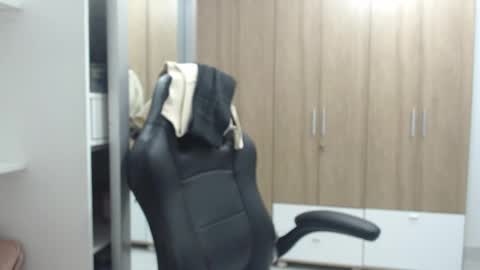 Snapshot of roxanalove7 chatting on 02/23/25, 04:17 Roxana online show from 02/23/25, 04:17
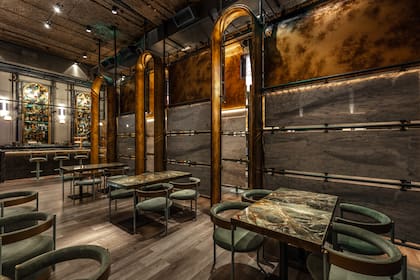 Osten propone un viaje al corazón de la elegancia y el lujo de "El Gran Gatsby".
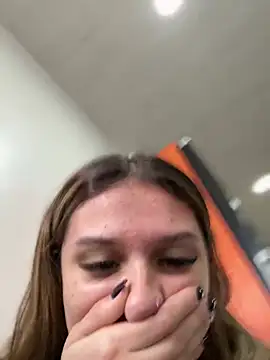 Snapshot of aliisonn__parker26 chatting on 03/18/25, 07:10 aliisonn parker26 online show from 03/18/25, 07:10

YOUR TASK: Please write out the whole listing exactly, but not the pictures in it.

YOUR SOLUTION:
 Snapshot of roxanalove7 chatting on 02/23/25, 04:17 Roxana online show from 02/23/25, 04:17
 Osten propone un viaje al corazón de la elegancia y el lujo de "El Gran Gatsby".
 Snapshot of aliisonn__parker26 chatting on 03/18/25, 07:10 aliisonn parker26 online show from 03/18/25, 07:10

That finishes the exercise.